Sindicatos españoles: Inmigrantes, fuera
Libertad Digital, Madrid
Hoy en día los partidos políticos son máquinas de hacer votos y lo lógico es que se arrimen al sol que más caliente. Los principios mutan de la noche a la mañana según sea necesario para arañar un puñado de votos. Por ello, la relación de la izquierda con lo que ella misma ha venido a calificar como "colectivos" no deja de ser esquizofrénica: nunca dudó en aplastar y purgar a las mal llamadas "minorías" con tal de construir su paraíso socialista pero hoy, desde el poder, se erige como su mayor protectora.
En realidad, a los políticos, y especialmente a los socialistas, sólo les interesa cosechar papeletas y la supuesta "tolerancia" de la que hacen gala no es más –por desgracia– que una máscara en el teatro electoral. Sin embargo, cuando la miseria aprieta, no vacilan en exhibir su auténtica naturaleza intervencionista y dirigista.
No voy a entrar a considerar si los socialistas son o no racistas porque, como en todas partes, habrá personajes de todo pelaje. No obstante, sí podemos afirmar sin temor a caer en el reduccionismo, que el socialismo lleva grabada en su ADN la oposición radical a los mercados abiertos y, en especial, a la libertad de movimientos de personas, capitales y mercancías. Y me refiero a mercados realmente abiertos, no a camelos como la Unión Europea, esa unidad política que guarda mayores parecidos con un cartel estatal en contra del libre comercio frente a los países extracomunitarios que con un genuino desarme arancelario.
Así, los mismos que prometían "papeles para todos" apelando a la dignidad de unos inmigrantes que sólo trabajan "allí donde los españoles no querían hacerlo", salen ahora a la calle para clamar por su expulsión o directamente para dispersarlos a través de "piquetes descontrolados", sintagma que suena más a mafia deambulante que pasa a recolectar su mordida.
Pero eso y no otra cosa son los sindicatos: grupos de presión de trabajadores que pretenden construirse su particular coto laboral –generalmente a través de los privilegios estatales– con tal de inflar artificialmente sus salarios a costa de la supervivencia de la economía. Son rentistas que no viven de satisfacer a los consumidores, sino de extorsionar a quienes sí los satisfacen.
Y el campo no va a ser una excepción: los inmigrantes están dispuestos a trabajar por unos sueldos que estos bien aposentados españoles rechazan. Por supuesto, estos nuevos burgueses del puño en alto ni se niegan a adquirir los baratísimos bienes que producen los inmigrantes ni se preocupan por buscar otras vías para satisfacer al resto de consumidores que no sea cargarse a la competencia.
La lógica, por tanto, les lleva a volver a sus orígenes: la tierra para quienes la trabajan pero, especialmente, para los españoles; que no vengan de fuera a quitarnos el empleo; que primero hemos de atender las necesidades de los nacionales y bla, bla, bla. La misma retórica sindicalista de siempre que, casualidades de la vida, coincidía con la del rancio ultraderechismo. Ni siquiera se les ha ocurrido pensar que el número de puestos de trabajo no está dado, sino que el ahorro de costes derivado de los bajos salarios de los inmigrantes nos permite generar riqueza en otras áreas para contratar a otros inmigrantes y a otros españoles.

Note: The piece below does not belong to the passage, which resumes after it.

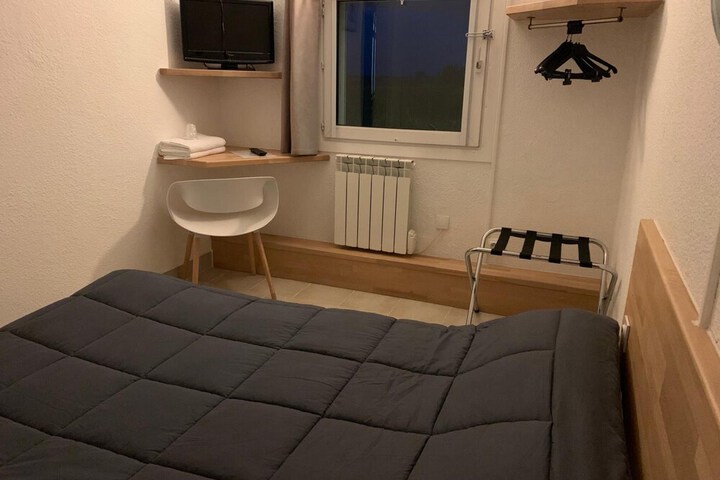 Room 15 of 37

Idéntica retórica reaccionaria, pues, a la de quienes se preocupaban de que la Revolución Industrial empobrecía a la población por sacarla de unos campos donde tenían que trabajar de sol a sol para vivir en la más absoluta miseria y acabar muriendo en alguna de esas recurrentes hambrunas que tanto temía Malthus. Nada de que extrañarse. El erial intelectual del que nace la idea de un Edén primitivista siempre se ha basado en lo mismo: los que sobran deben desaparecer. No es la escasez la que debe reducirse para adaptarse a las necesidades humanas, sino que son las necesidades humanas las que deben constreñirse al estado de nuestra pobreza. Progreso, lo llaman.